The Houston Astros are on to something. They are not so much exploiting the current baseball systems as much as making the most of a bad situation. As must be qualified any time an article is written about the living lab in Houston, they hired smart people and seem innovative – it appears from the outside to be a club with a vision of how they intend to win.
That doesn’t make it right, however. The Astros operated with the lowest payroll in baseball last season. In their own division, the next lowest payroll was nearly double what the Astros pay their players. You don’t need to spend to win (the fourth-lowest payroll in the AL West is, of course, the Oakland A’s, the two-time division champs). But the Astros are not extracting a great deal of value from their roster. They’re getting what they pay for, which is surely by design.

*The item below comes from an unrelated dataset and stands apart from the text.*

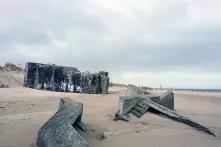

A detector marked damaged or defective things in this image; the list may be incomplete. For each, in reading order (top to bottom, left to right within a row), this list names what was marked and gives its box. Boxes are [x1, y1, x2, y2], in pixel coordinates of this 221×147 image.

broken concrete slab [37, 98, 90, 147] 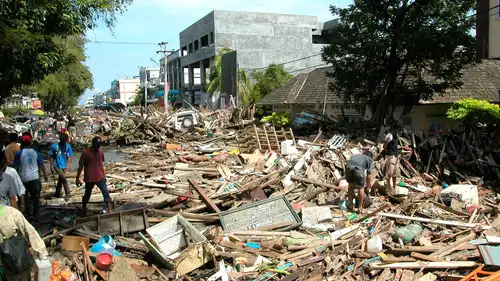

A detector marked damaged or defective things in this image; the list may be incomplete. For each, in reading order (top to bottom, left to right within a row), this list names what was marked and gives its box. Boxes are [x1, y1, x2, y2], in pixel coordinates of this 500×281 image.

damaged signboard [219, 195, 300, 232] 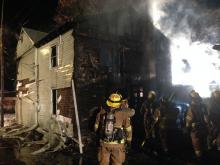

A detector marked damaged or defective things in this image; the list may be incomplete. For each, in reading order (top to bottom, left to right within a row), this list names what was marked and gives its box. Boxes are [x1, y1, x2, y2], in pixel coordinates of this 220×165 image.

The Astros enter the 2014 season looking to get over a dubious hump – stop their consecutive 100-loss season streak at three. Of course, there isn’t any real difference in losing 100 games or 95 games – a bad team is bad no matter what. And with that futility comes reward in the form of draft picks. The Astros are ready to make their third consecutive first overall pick in the June amateur draft.
That is a fine way to acquire high end talent. Carlos Correa, Mark Appel, and the assumed first pick in their year’s draft (Carlos Rodon?) could well be reward enough for the endless losing in Houston. Assuming no undue damage to the franchise in the eyes of its fans and consumers, of course.

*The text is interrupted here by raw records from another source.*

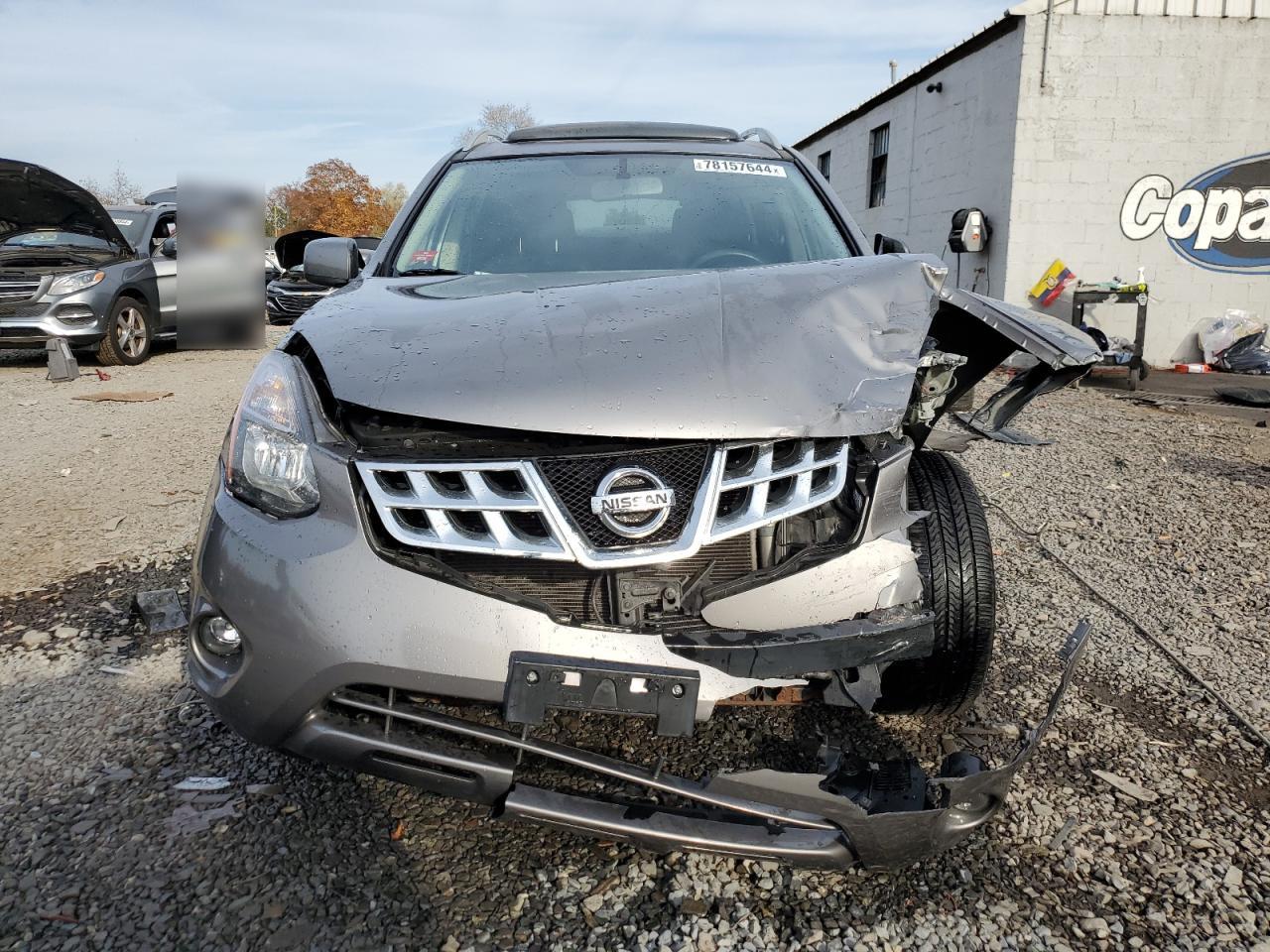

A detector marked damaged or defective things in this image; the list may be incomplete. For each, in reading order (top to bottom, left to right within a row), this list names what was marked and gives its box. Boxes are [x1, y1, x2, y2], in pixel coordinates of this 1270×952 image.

crumpled hood [0, 157, 130, 254]
exposed front tire [96, 299, 152, 368]
broken headlight [225, 352, 319, 518]
crumpled hood [292, 257, 940, 444]
damaged silver suv [190, 123, 1102, 868]
exposed front tire [868, 451, 995, 715]
detached bumper piece [302, 622, 1086, 868]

It is with that brand damage in mind that the next phase of the Astros plan takes shape. The talent acquisition part is well under way but now the Astros are looking for value – trying to lock up their young players at below-market deals that keep them in Houston longer and for less than the standard six years of team control.
Ken Rosenthal of Fox Sports broke the news of a contract offer between the Astros and their top prospect, George Springer. Sources familiar with the negotiations told Rosenthal that Houston offered the triple-A outfielder, 24-years old without a single big league plate appearance, a seven-year deal worth $23 million. A deal like this gives Springer incredible financial security and allows the Astros to start his big league career with no fear of Super Twos or service time.
But Springer rebuffed the Astros advances, which brings his service time back into play and leaves him to rot in the minor leagues. There could be an argument made that Springer, he of the sky-high strikeout rate at triple-A, needs more seasoning. But if the kid is good enough to earn a seven-year contract, he has to be good enough to play in the big leagues, right?
Maybe ethics aren’t really at issue here. It’s only baseball, and the Astros are trying to build a winner and whet their beak where they can. As well, giving this kind of deal to Springer is risky. One could make an intelligent argument that George Springer should put his name on any guaranteed deal with the quickness. He gets overpaid in the short term, potentially underpaid in the long term — provided he defies the odds ands puts enough great seasons together to earn significant arbitration paydays. Especially for a player who figures to be in his late twenties as he passes through his arbitration years.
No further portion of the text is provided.